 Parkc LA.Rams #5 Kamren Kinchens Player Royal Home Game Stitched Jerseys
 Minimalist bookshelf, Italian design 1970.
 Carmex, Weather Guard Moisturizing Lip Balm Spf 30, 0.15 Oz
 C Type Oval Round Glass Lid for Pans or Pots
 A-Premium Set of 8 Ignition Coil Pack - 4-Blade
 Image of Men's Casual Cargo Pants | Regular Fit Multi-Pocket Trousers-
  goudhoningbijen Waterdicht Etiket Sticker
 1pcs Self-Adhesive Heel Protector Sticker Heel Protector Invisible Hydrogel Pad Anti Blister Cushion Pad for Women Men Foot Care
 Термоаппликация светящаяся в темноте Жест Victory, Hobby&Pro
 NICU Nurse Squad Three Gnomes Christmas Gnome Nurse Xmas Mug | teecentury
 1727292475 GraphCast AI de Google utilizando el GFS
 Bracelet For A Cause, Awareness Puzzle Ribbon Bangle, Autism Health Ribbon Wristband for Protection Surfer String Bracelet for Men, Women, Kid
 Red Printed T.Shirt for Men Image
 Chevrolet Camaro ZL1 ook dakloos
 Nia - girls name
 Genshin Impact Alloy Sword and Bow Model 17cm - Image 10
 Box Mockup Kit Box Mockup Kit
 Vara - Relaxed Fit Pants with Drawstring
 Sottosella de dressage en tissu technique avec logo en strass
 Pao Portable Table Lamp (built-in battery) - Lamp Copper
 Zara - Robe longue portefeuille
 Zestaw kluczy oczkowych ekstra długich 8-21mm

- YOUR OBJECTIVE -
After locating the line that contains "A-Premium Set of", please copy exactly every line from the start of the records through it, and nothing else.

- TASK RESULT -
 Parkc LA.Rams #5 Kamren Kinchens Player Royal Home Game Stitched Jerseys
 Minimalist bookshelf, Italian design 1970.
 Carmex, Weather Guard Moisturizing Lip Balm Spf 30, 0.15 Oz
 C Type Oval Round Glass Lid for Pans or Pots
 A-Premium Set of 8 Ignition Coil Pack - 4-Blade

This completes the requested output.